The modern triple jump technique has not always been the hop, step and jump. It is believed that the jump event of the ancient Olympics must have been a multi jump event, since the record was set at 16.76m, but it was probably a different combination of the three jumps we know today. In those early days of the event any combinations of three jumps were used. The combination of two hops and a jump is widely accepted as probably the dominant technique used by athletes until the early twentieth century.
The best triple jumpers are usually some of the most versatile power athletes in track and field today and they will all have the following qualities:
The Run up
The start should be from standing - for accuracy.
The run should accelerate progressively until the last two strides.
The last two strides into take-off are made with a galloping (daa-de) rhythm.
The Hop (The same foot must be used to take off and land)
From the run the jumper executes a take-off by driving the alternate knee vigorously upwards along with the opposite arm. The athlete should feel a flat footed contact with the take-off board, although in actual fact it will be slightly heel first. The take-off leg is then extended explosively. Research of techniques of elite level jumping tells us that the best triple jumpers take off at an angle of 15 degrees-18 degrees.
During the flight of the hop, the knee of the take-off leg is picked up and brought to the front of the body so that the thigh is parallel to the ground.

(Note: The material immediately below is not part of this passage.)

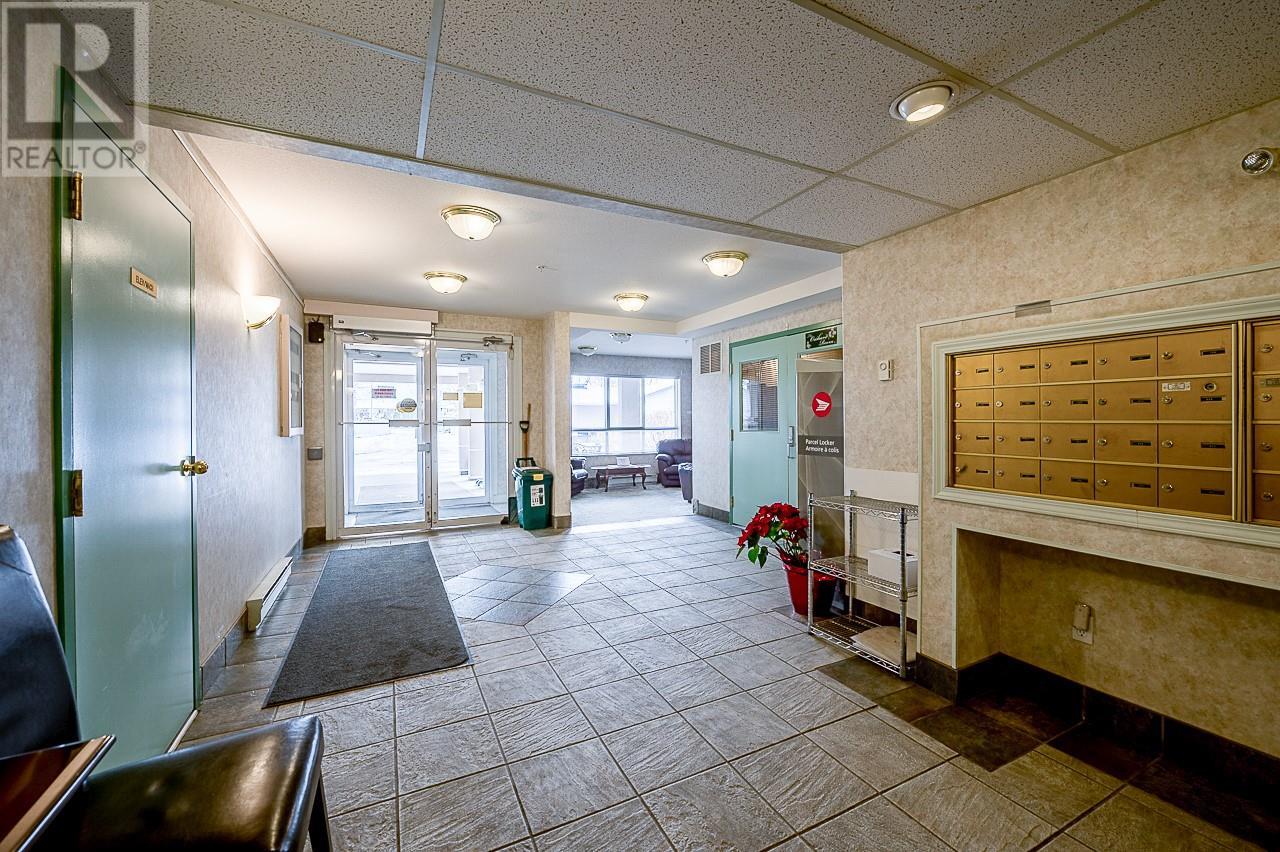 860 NICOLANI Drive Unit# 303, Kamloops, BC V2B5B3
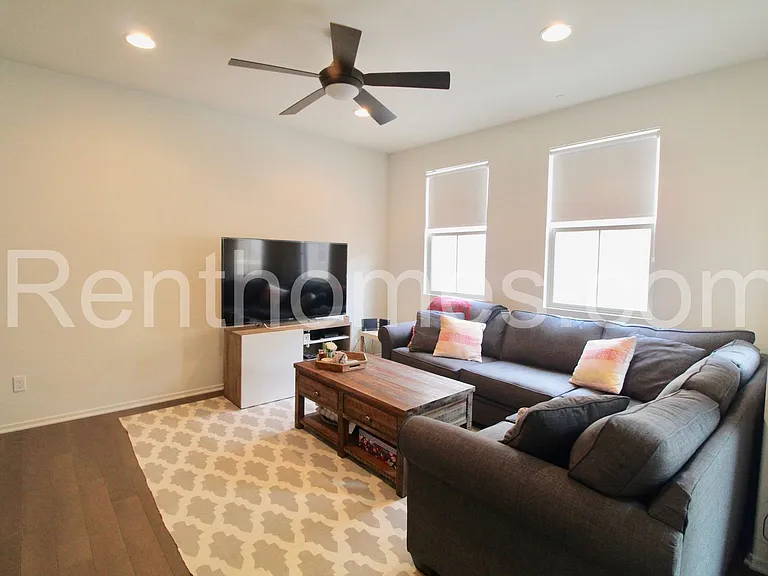 8862 Promenade North Pl — Photo 30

The athlete is then in a position to reach and actively land on the ground ready for the take-off of the second phase.
The Step (The landing must be made on the other foot from take-off)
The athlete can use a single or double arm action. The athlete must drive the free thigh vigorously so that once again it becomes parallel with the ground. The athlete often appears to demonstrate a splits position in the air when the action is completed properly. This position is held during the step phase flight. The athlete is again in a position to reach and actively land on the ground ready for the take-off of the third phase. The step take-off angle should be around 13 – 15 degrees.
By the beginning of the jump phase, momentum of the jumper will have decreased significantly. For this reason a double arm shift should be used in the jump phase to help achieve additional thrust from the ground. The free knee should be driven hard and the take-off leg extended explosively. The jump phase, if long enough, can be completed with any of the recognised long jump techniques. However, beginners are unlikely to have enough time in the air for such luxuries, and a ‘stride’ or ‘hang’ style will be adequate.
The aim of the flight in the jump phase of the triple jump is to adopt a position in the air that will allow for an effective landing. That is, with legs fully extended in front, and with the arms high above the head so that they can be swung downward and backwards prior to the landing in the sand pit. This action lifts the feet just prior to landing. Take-off angle for the jump phase should be higher than in hop and the step phases – between 20 degrees and 24 degrees.
The rhythm of the triple jump is vitally important to gaining good distance. The athlete should attempt to make the flight time of each jump more or less equal. The athlete should therefore sense TAA – TAA – TAA timing. Due to a lack of strength, beginners often demonstrate a huge hop, a very short step, followed by a long jump! This should be discouraged.
Jumpers are able to help their performances by swinging their arms forward at take-off. Arms can be swung together, this is called a double arm shift. Alternatively, they can be swung one forward and one backward as in a natural running action. This is called a single arm shift. At take-off this swing adds lift, or upward momentum, to the athlete and aids total jump distance.
Apply the techniques above and you too can triple jump like a champion.